Lab 6: Lab Exam Trial#
Next week (Monday, March 2th) we’ll be doing the lab component of the midterm, worth 5-10% of your final grade (whichever gives you a higher overall score with the written midterm at 15-20%). To test out the setup in a low stakes environment, this lab will be conducted in class with the following websites whitelisted:
The usual lab computer environments will be available - VS Code, Jupyter Notebooks, Spyder, etc. There is currently an issue with Python’s intellisense extension on VS Code (Pylance), but hopefully this will be resolved before the real thing. In the meantime, enjoy the challenge of writing code without autocomplete.
The task#
If you missed the exercise or just want to take another look, you can now download the OKCupid dataset and starter notebook.

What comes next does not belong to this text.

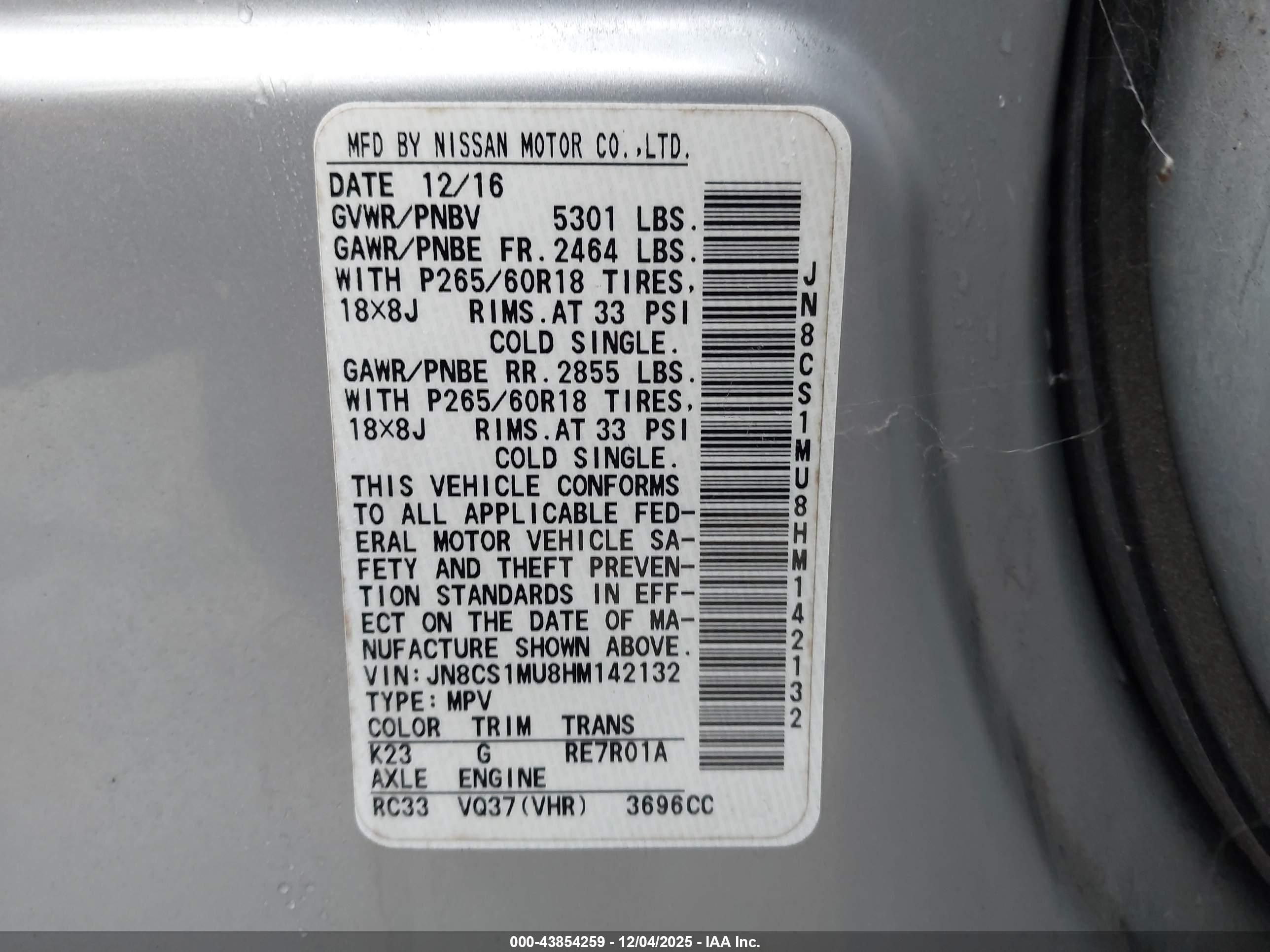 INFINITI QX70 image 9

For both this trial run and the real thing, I will provide you with a starting notebook and csv distributed through the “I” drive (hopefully it is ready in time) directly to your Desktop. It will be a familiar dataset.
You will be asked to:
- Load some data from a csv
- Do a little bit of data exploration
- Split into train/test
- Implement some components of a preprocessing pipeline, such as feature encoding or transformations
You may bring a handwritten cheat sheet to this trial run and add to it while you work through the problem, then bring it to the “real thing” on March 6th.
Submission#
We’re still working out some issues with the I drive, but hopefully there will be a submission folder where you can copy paste your notebook file. Please name your notebook after yourself (e.g. mine would be charlotte.ipynb). You will not be able to see other submissions, nor update your own, but you can add a new one (e.g. charlotte_v2.ipynb) and I’ll only look at the most recent submission.
Turns out I can yank your files directly from your desktop using NetSupport.
The grade for the trial run will be pass/fail (as usual), while I will be evaluating the “real thing” based on your choices.